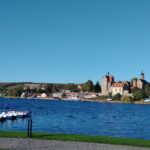 Süßer See - Blick über den See auf das Seeburger Schloss, vorn links im Bild ein kleiner Steg mit anlegenden Booten, der vom Ufer aus über das Wasser ragt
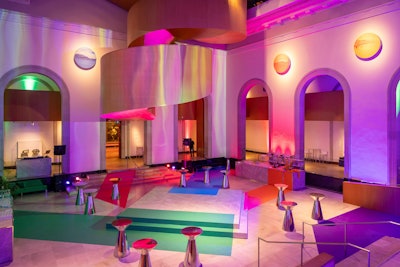 For the after-party in the museum's Walker Court, meanwhile, CANDICE&ALISON leaned into bold colors and metallic accents inspired by the “Moments in Modernism” exhibit, bringing the vibrant hues of Jack Bush’s paintings to life. The large main stage and bars were clad in a marble decal that perfectly matched the existing marble of the room, making the entire setting of the party one big canvas for the large strokes of color.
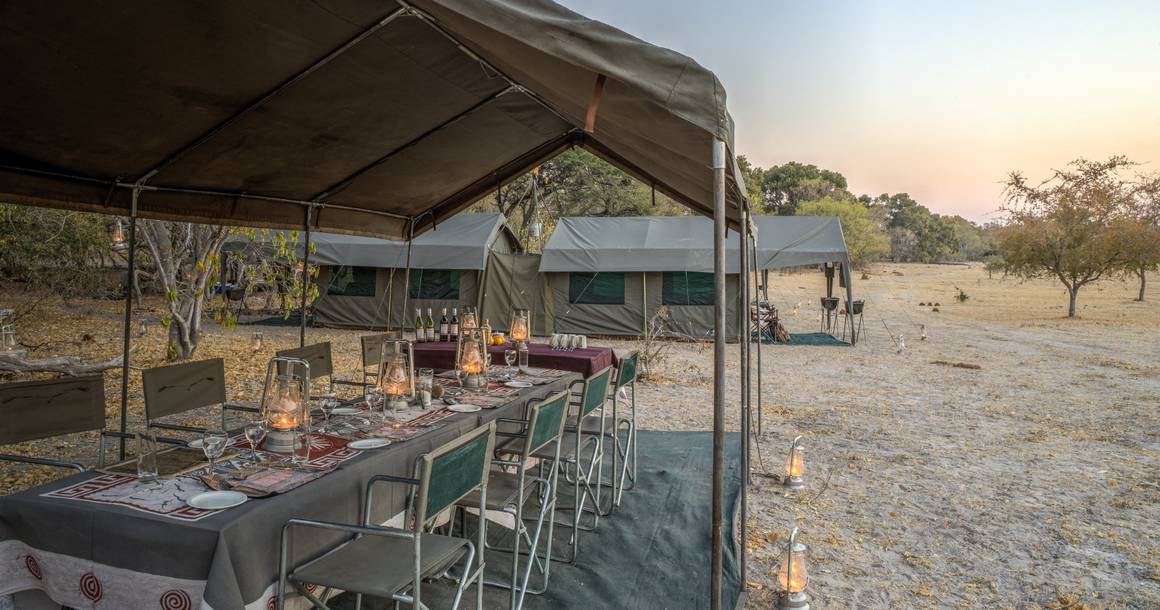Letaka camp dining setup with sleeping tents in the background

_ _ _ _ _

Pictures must not appear in the copy, which must otherwise match the listing exactly.

:: EXERCISE OUTPUT ::
 Süßer See - Blick über den See auf das Seeburger Schloss, vorn links im Bild ein kleiner Steg mit anlegenden Booten, der vom Ufer aus über das Wasser ragt
 For the after-party in the museum's Walker Court, meanwhile, CANDICE&ALISON leaned into bold colors and metallic accents inspired by the “Moments in Modernism” exhibit, bringing the vibrant hues of Jack Bush’s paintings to life. The large main stage and bars were clad in a marble decal that perfectly matched the existing marble of the room, making the entire setting of the party one big canvas for the large strokes of color.
Letaka camp dining setup with sleeping tents in the background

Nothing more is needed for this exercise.